BEGIN Supplied data

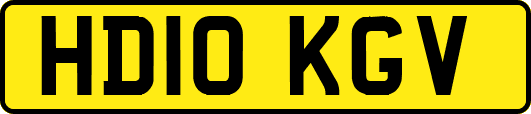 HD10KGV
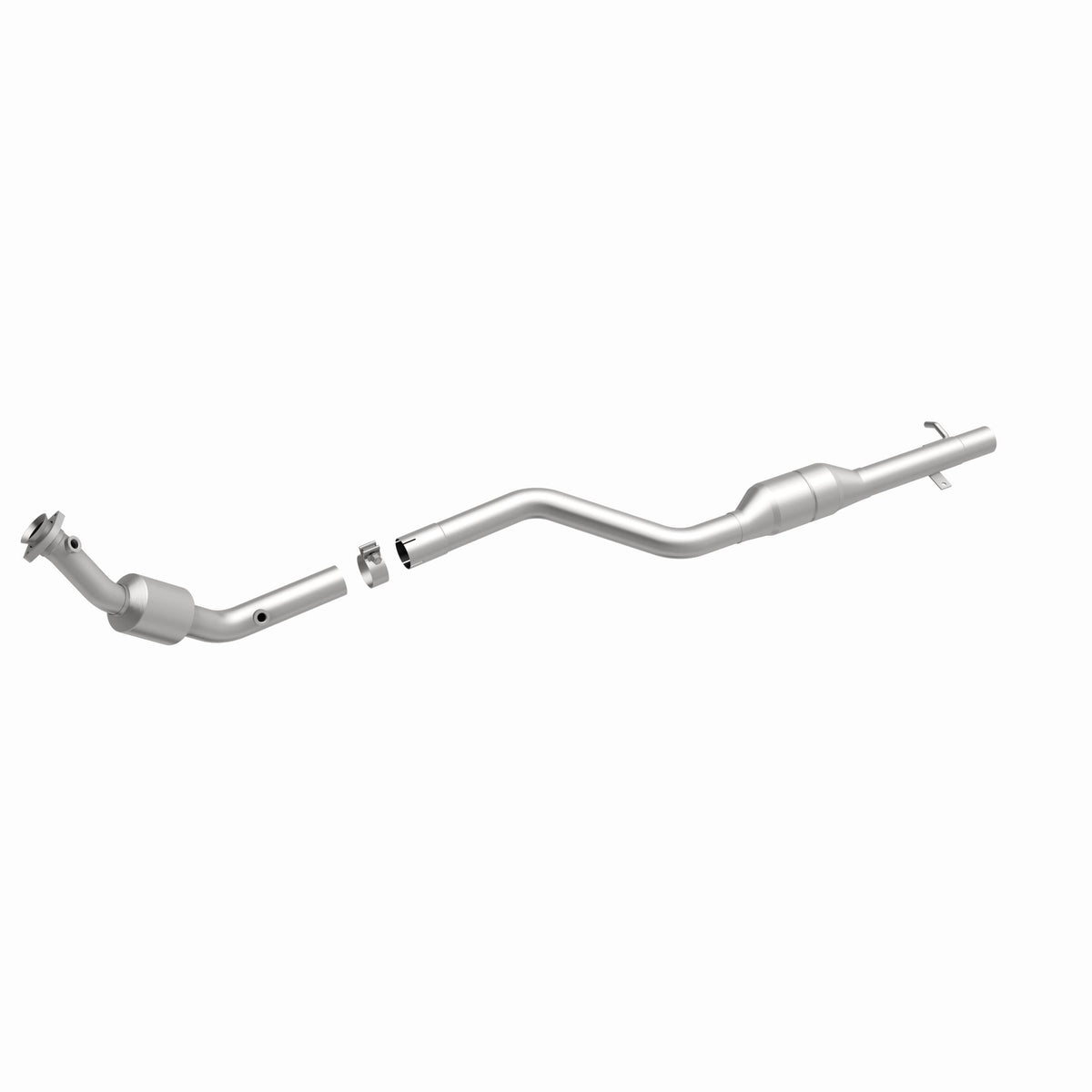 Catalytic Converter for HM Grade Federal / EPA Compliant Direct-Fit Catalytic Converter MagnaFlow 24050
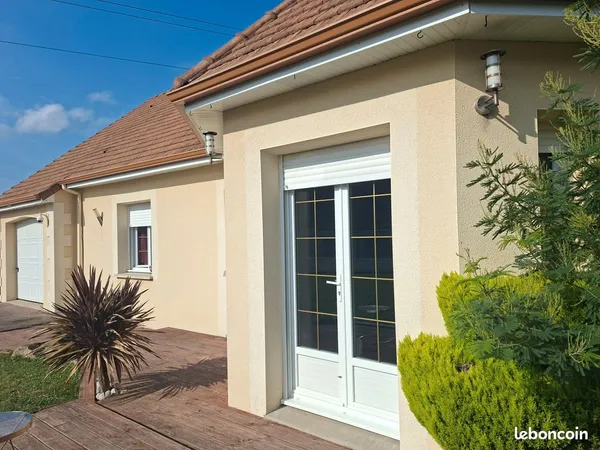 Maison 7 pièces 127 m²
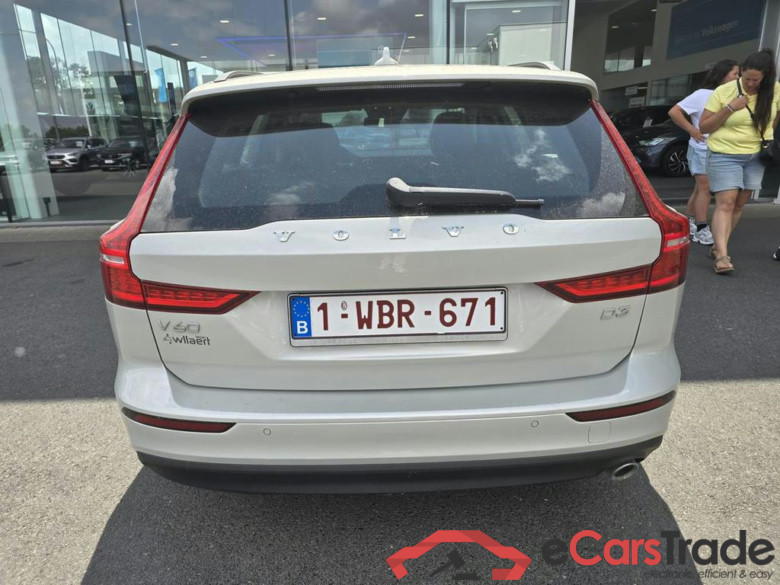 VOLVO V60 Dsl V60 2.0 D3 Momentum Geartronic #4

END Supplied data

### What you have to do
When copying the material, leave every image behind and keep each line verbatim.

### Exercise result
 HD10KGV
 Catalytic Converter for HM Grade Federal / EPA Compliant Direct-Fit Catalytic Converter MagnaFlow 24050
 Maison 7 pièces 127 m²
 VOLVO V60 Dsl V60 2.0 D3 Momentum Geartronic #4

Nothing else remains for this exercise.